Miguel Arruga Vivas Oct. 27, 2020, 7:19 p.m. UTC | #5
Hi,

Ludovic Courtès <ludo@gnu.org> writes:
> Hi,
>
> Miguel Ángel Arruga Vivas <rosen644835@gmail.com> skribis:
>
>> I fully agree with that.  Adding 202 together with 404 would be enough
>> as an start, wouldn't it?
>> -------------------------------8<-----------------------------
>>             (cache-narinfo! url (hash-part->path hash-part) #f
>>                             (if (or (= 404 code) (= 202 code))
>>                                 ttl
>>                                 %narinfo-transient-error-ttl))
>> ------------------------------->8-----------------------------
>
> Yes, exactly!

Should I, or you, push this before the release?  It's probably worth
having it already for 1.2.

The optimization could be cool too: IIUC could be only the other if
branch the one returning the 202 when it's widely accepted, perhaps I
should have explicitly pointed out that earlier instead of driving too
much the conversation to the return code, sorry for that. :-(

Happy hacking!
Miguel
Ludovic Courtès Oct. 28, 2020, 9:39 a.m.
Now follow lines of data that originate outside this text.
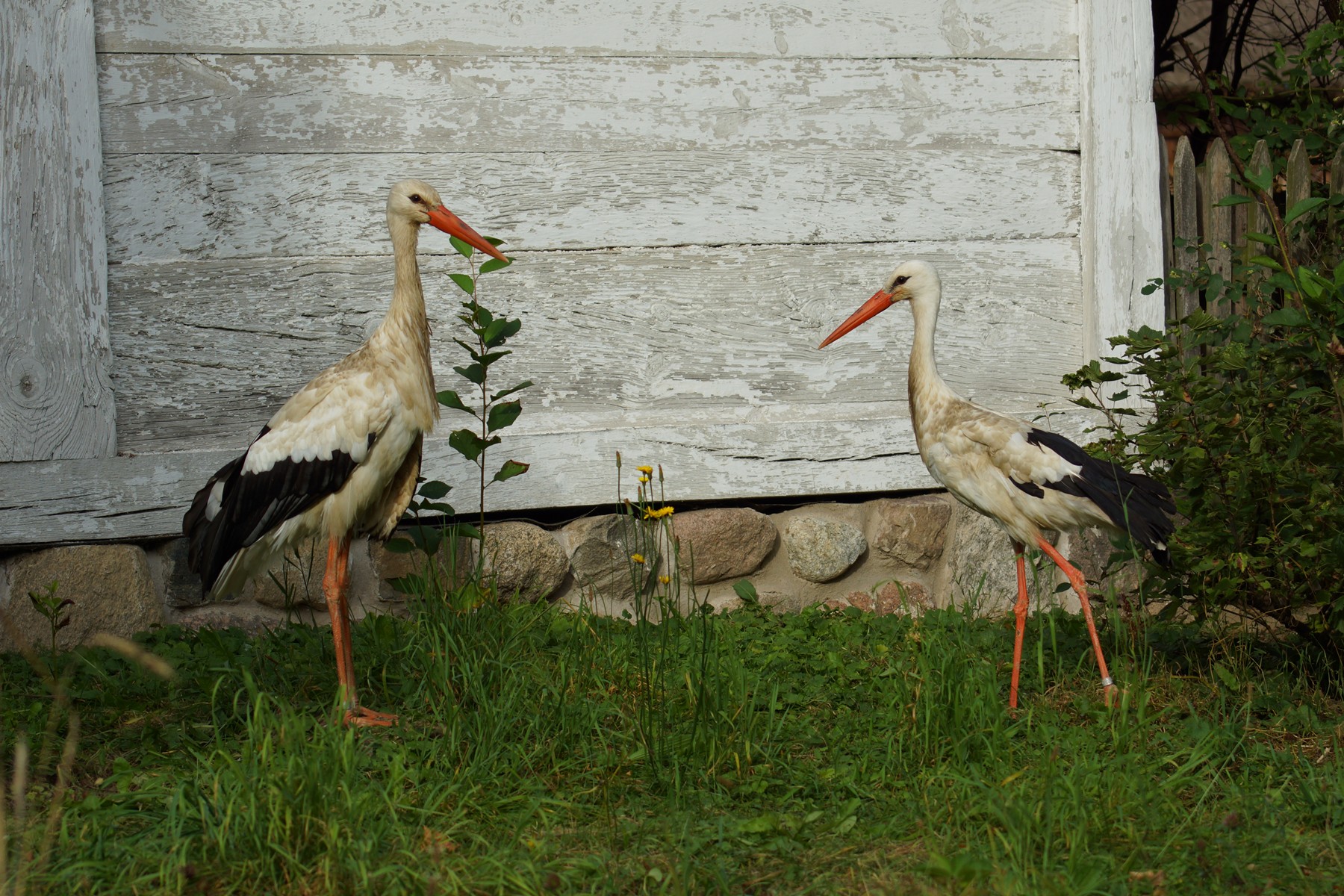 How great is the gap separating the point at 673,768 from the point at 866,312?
74.8 inches

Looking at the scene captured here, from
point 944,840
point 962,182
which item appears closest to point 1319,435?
point 944,840

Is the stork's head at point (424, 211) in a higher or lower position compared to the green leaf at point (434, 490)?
higher

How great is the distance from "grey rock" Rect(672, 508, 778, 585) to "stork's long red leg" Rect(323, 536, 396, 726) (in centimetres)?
128

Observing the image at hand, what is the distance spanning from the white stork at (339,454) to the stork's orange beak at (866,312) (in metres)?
1.29

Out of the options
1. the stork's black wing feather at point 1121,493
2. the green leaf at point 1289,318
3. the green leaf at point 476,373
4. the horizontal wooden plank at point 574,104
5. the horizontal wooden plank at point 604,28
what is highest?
the horizontal wooden plank at point 604,28

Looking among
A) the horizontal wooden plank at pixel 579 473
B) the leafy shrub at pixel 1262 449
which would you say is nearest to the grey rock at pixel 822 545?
the horizontal wooden plank at pixel 579 473

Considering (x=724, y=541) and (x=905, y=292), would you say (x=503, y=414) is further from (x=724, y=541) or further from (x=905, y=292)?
(x=905, y=292)

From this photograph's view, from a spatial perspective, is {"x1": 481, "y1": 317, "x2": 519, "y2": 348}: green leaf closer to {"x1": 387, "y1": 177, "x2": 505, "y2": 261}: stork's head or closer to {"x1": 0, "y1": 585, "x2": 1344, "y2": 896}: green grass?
{"x1": 387, "y1": 177, "x2": 505, "y2": 261}: stork's head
UTC | #6
Hi,

Miguel Ángel Arruga Vivas <rosen644835@gmail.com> skribis:

> Ludovic Courtès <ludo@gnu.org> writes:
>> Hi,
>>
>> Miguel Ángel Arruga Vivas <rosen644835@gmail.com> skribis:
>>
>>> I fully agree with that.  Adding 202 together with 404 would be enough
>>> as an start, wouldn't it?
>>> -------------------------------8<-----------------------------
>>>             (cache-narinfo! url (hash-part->path hash-part) #f
>>>                             (if (or (= 404 code) (= 202 code))
>>>                                 ttl
>>>                                 %narinfo-transient-error-ttl))
>>> ------------------------------->8-----------------------------
>>
>> Yes, exactly!
>
> Should I, or you, push this before the release?  It's probably worth
> having it already for 1.2.

Agreed, you can go ahead and push this change.

> The optimization could be cool too: IIUC could be only the other if
> branch the one returning the 202 when it's widely accepted, perhaps I
> should have explicitly pointed out that earlier instead of driving too
> much the conversation to the return code, sorry for that. :-(

No problem!

Ludo’.